Copy each entry below exactly as it appears.

[Recorded data]
.....

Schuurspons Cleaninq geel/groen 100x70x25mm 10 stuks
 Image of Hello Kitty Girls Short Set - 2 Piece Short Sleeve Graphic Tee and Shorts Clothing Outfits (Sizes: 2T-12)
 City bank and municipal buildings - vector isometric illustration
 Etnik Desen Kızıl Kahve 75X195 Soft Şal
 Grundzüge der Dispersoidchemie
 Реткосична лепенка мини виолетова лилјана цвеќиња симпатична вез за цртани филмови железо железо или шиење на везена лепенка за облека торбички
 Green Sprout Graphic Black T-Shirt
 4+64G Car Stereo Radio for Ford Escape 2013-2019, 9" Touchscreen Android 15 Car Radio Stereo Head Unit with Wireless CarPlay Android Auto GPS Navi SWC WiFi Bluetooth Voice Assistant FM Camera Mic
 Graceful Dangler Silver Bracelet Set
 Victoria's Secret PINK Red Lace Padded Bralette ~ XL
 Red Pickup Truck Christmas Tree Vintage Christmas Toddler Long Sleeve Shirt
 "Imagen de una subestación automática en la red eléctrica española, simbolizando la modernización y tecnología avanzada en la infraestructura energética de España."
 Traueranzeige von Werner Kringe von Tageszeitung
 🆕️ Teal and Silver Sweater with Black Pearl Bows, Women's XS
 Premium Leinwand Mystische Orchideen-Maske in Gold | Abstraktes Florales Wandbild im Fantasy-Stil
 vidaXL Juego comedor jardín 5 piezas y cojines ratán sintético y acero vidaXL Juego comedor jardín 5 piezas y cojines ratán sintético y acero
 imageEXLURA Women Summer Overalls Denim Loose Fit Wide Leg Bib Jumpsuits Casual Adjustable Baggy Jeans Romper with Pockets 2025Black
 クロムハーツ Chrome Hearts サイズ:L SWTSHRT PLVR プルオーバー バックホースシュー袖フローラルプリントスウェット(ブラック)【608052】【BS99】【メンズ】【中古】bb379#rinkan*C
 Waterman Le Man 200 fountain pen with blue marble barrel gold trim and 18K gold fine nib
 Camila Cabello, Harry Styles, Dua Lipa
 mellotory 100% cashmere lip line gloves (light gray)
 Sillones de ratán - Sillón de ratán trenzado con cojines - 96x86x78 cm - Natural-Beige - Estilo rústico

.....

**Exercise answer**
Schuurspons Cleaninq geel/groen 100x70x25mm 10 stuks
 Image of Hello Kitty Girls Short Set - 2 Piece Short Sleeve Graphic Tee and Shorts Clothing Outfits (Sizes: 2T-12)
 City bank and municipal buildings - vector isometric illustration
 Etnik Desen Kızıl Kahve 75X195 Soft Şal
 Grundzüge der Dispersoidchemie
 Реткосична лепенка мини виолетова лилјана цвеќиња симпатична вез за цртани филмови железо железо или шиење на везена лепенка за облека торбички
 Green Sprout Graphic Black T-Shirt
 4+64G Car Stereo Radio for Ford Escape 2013-2019, 9" Touchscreen Android 15 Car Radio Stereo Head Unit with Wireless CarPlay Android Auto GPS Navi SWC WiFi Bluetooth Voice Assistant FM Camera Mic
 Graceful Dangler Silver Bracelet Set
 Victoria's Secret PINK Red Lace Padded Bralette ~ XL
 Red Pickup Truck Christmas Tree Vintage Christmas Toddler Long Sleeve Shirt
 "Imagen de una subestación automática en la red eléctrica española, simbolizando la modernización y tecnología avanzada en la infraestructura energética de España."
 Traueranzeige von Werner Kringe von Tageszeitung
 🆕️ Teal and Silver Sweater with Black Pearl Bows, Women's XS
 Premium Leinwand Mystische Orchideen-Maske in Gold | Abstraktes Florales Wandbild im Fantasy-Stil
 vidaXL Juego comedor jardín 5 piezas y cojines ratán sintético y acero vidaXL Juego comedor jardín 5 piezas y cojines ratán sintético y acero
 imageEXLURA Women Summer Overalls Denim Loose Fit Wide Leg Bib Jumpsuits Casual Adjustable Baggy Jeans Romper with Pockets 2025Black
 クロムハーツ Chrome Hearts サイズ:L SWTSHRT PLVR プルオーバー バックホースシュー袖フローラルプリントスウェット(ブラック)【608052】【BS99】【メンズ】【中古】bb379#rinkan*C
 Waterman Le Man 200 fountain pen with blue marble barrel gold trim and 18K gold fine nib
 Camila Cabello, Harry Styles, Dua Lipa
 mellotory 100% cashmere lip line gloves (light gray)
 Sillones de ratán - Sillón de ratán trenzado con cojines - 96x86x78 cm - Natural-Beige - Estilo rústico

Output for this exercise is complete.